# Bench vise mods - differential screw jaws and indexing handle



## keeena (Mar 17, 2021)

A couple of quick mods:

I made some aluminum soft jaws for one of my bench vises and tried Robin's method of using differential screws. I liked the idea of getting rid of the bolt head area on the jaws. The design uses clamping screws which have different handed threads on each end to pull the jaws into the vise body. I used #10-32 x 0.84" long screws (McMaster).  You do also have to make threaded inserts for the vise to size down to the #10 screw. You can view his YouTube build video here.





I also wanted to make a centering vise handle. I like the handle centered b/c it stays balanced and usually use it that way. But sometimes the handle sticking up gets in the way of the workpiece. I used to move the rubber bumpers on the handle, but they are pretty tight and annoying to adjust. So all I did was add a ball detent and recess in the handle. I realize this weakens the handle a bit. If I were to do this properly, I think I'd just dimple one spot in the center of the handle as well as run a shallow longitudinal slot to keep the handle from rotating (thus the ball would always locate in the center dimple). The single dimple wouldn't hurt the handle strength nearly as much as the radial recess I made. Curious what folks think about this one. Anyway, I love the mod and figured I'd share. I've never seen this type of detent on a vise handle before...maybe for good reason?


----------



## brino (Mar 17, 2021)

Those new aluminum jaws look very useful....and very nice!
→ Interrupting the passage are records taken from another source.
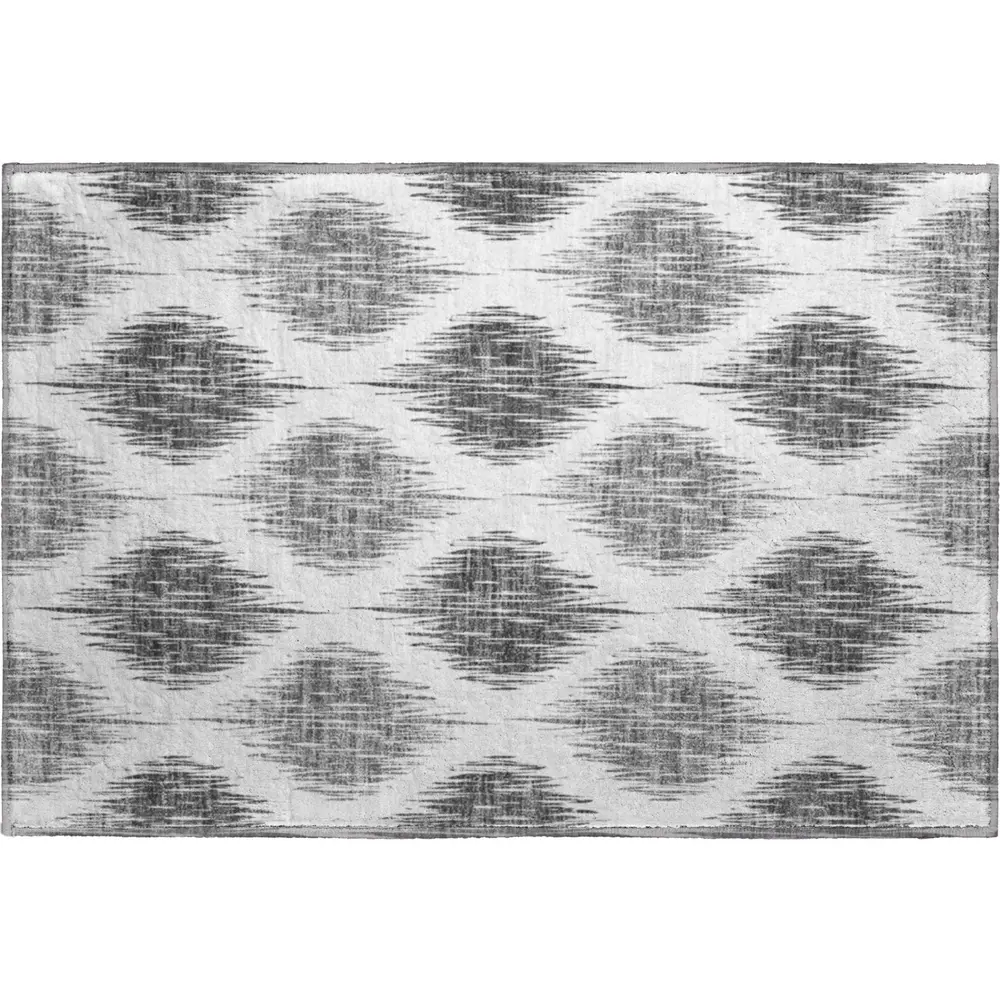 Mayfield AMF848 Gray 1'8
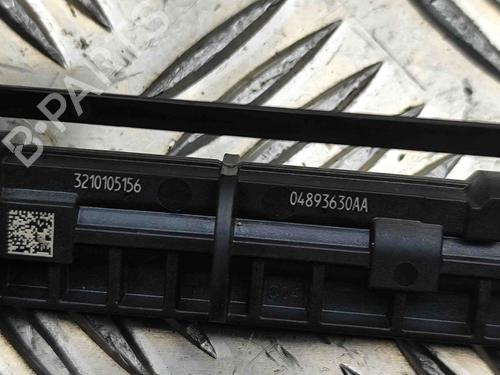 Injector ALFA ROMEO STELVIO (949_) 2.0 Q4 (949.AXA2A) | BP29283119M100 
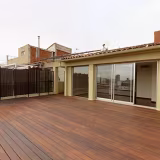 Mejores empresas de instalación de ventanas en Zaragoza cover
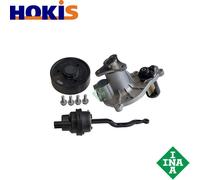 WATER PUMP ENGINE COOLING 538 1005 10 FOR BMW 4/F32/F82/Convertible/F33/F83/X
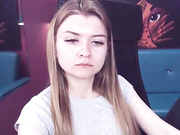 RealEmily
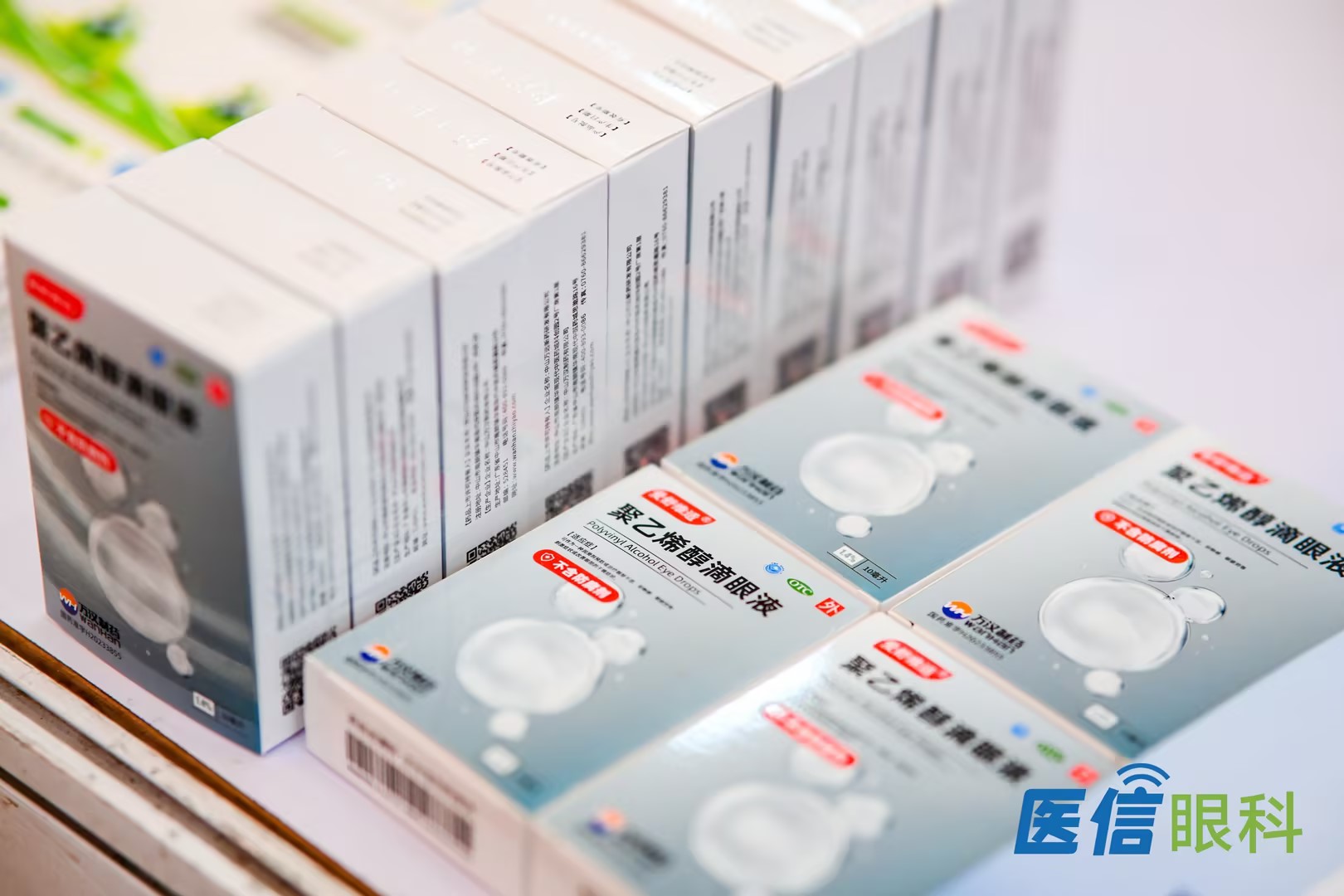 406debdb-b213-4848-a2da-ff3407785194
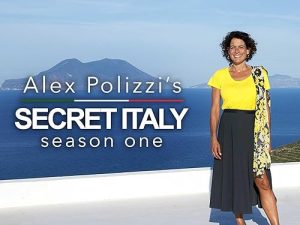 Alex.Polizzis.Secret.Italy.S01.1080p.VRGN.WEB-DL.AAC2.0.H.264-DoRN – 7.7 GB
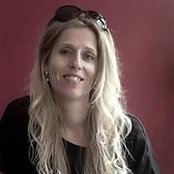 Trine Weidals billede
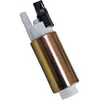 Image de Pompe à carburant MAGNETI MARELLI 313011300030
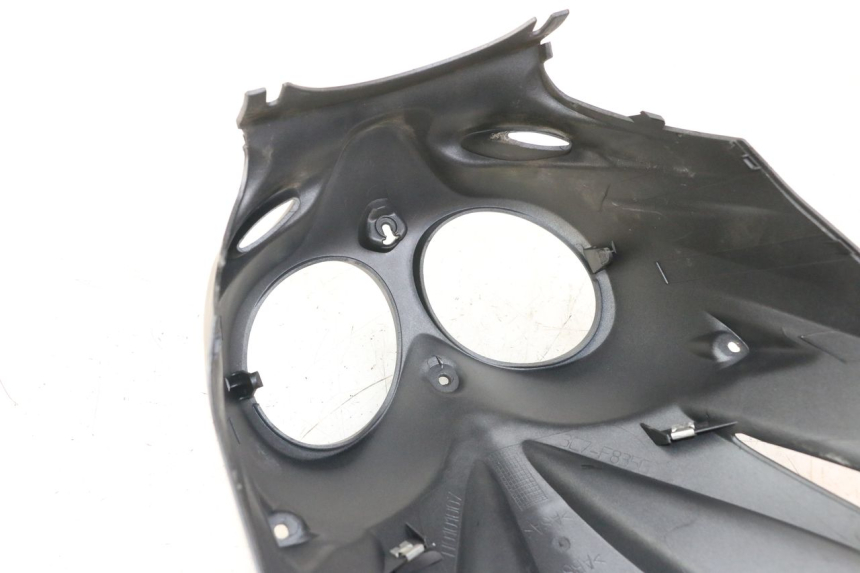 photo de PRZÓD MBK STUNT NAKED 50 (2004 - 2018) - Widok ogólny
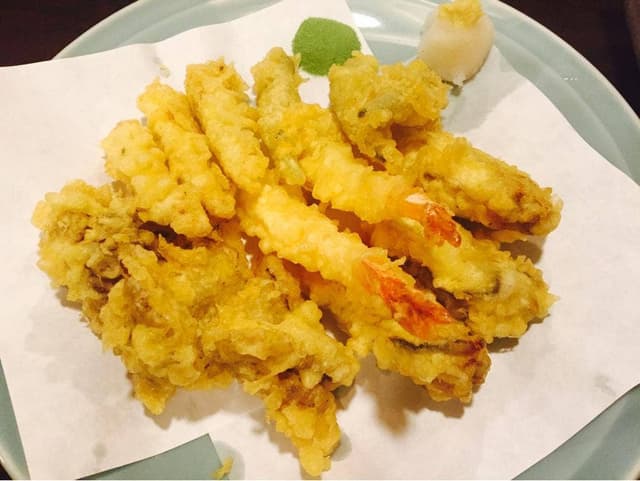 男鹿半島住吉店 - サブ画像2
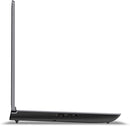 LENOVO 16" ThinkPad P16 Gen2 (i7-13700Hx/16GB/512GB/W11P/3年上門保) 21FAS01B00 工作站筆記型電腦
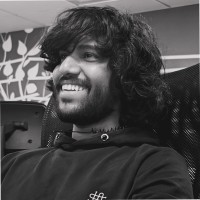 Kalai Dev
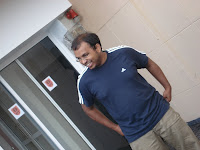 iit1 058.jpg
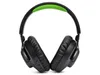JBL JBLQ360XWLBLKGRNAM...
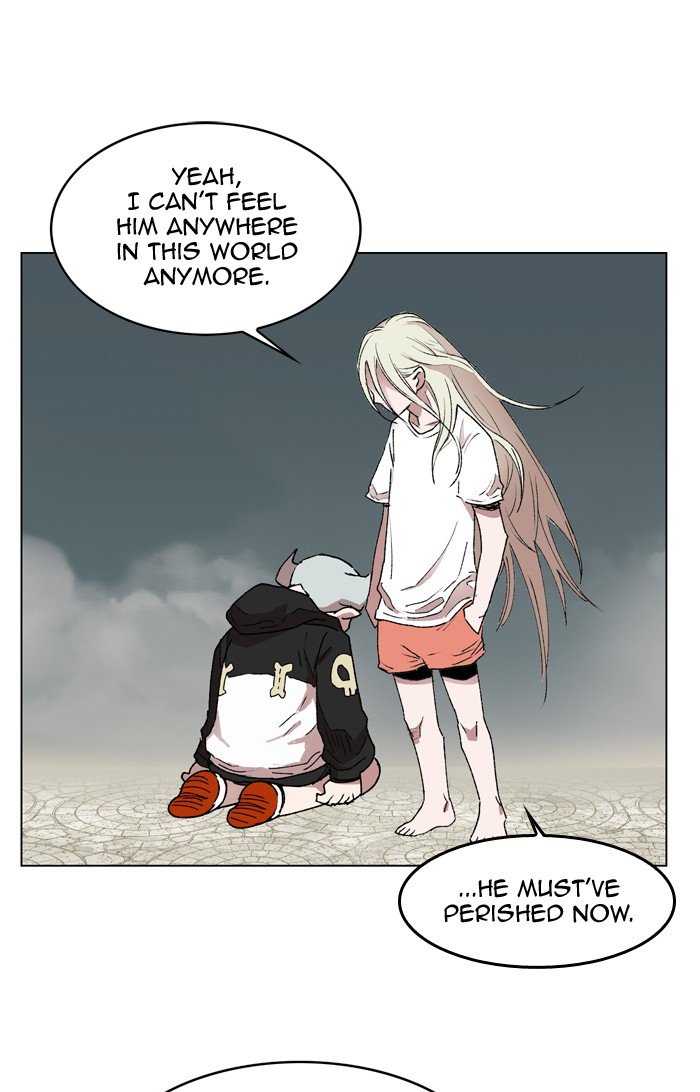 Chapter 168 - Image 72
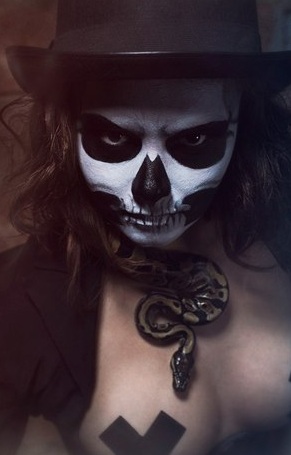 1377364235_1877106706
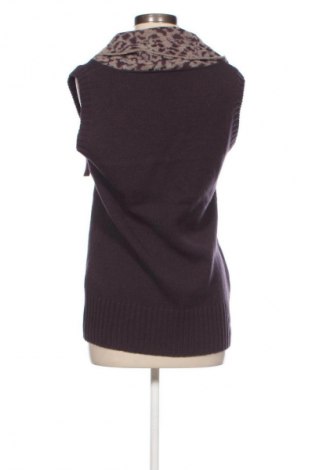 Dámsky pulóver Unbranded, Veľkosť M, Farba Viacfarebná, Cena  14,83 €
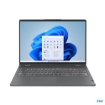 תמונה של מחשב נייד Lenovo IdeaPad Flex 5 16IAU7 82R8005TIV לנובו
I doubt that you have weekend the handle much. If that breaks then it likely due to a cheater pipe, and the vise nut is already in danger.

Perhaps a saddle-shaped brass pad under a spring and set-screw could provide enough friction on the handle such that it didn't flop around.

-brino


----------



## keeena (Mar 17, 2021)

brino said:


> I doubt that you have weekend the handle much. If that breaks then it likely due to a cheater pipe, and the vise nut is already in danger.


That's a good way to justify my questionable design! 

A friction slider is a good idea too; that's what my arbor press uses to hold the ram up.


----------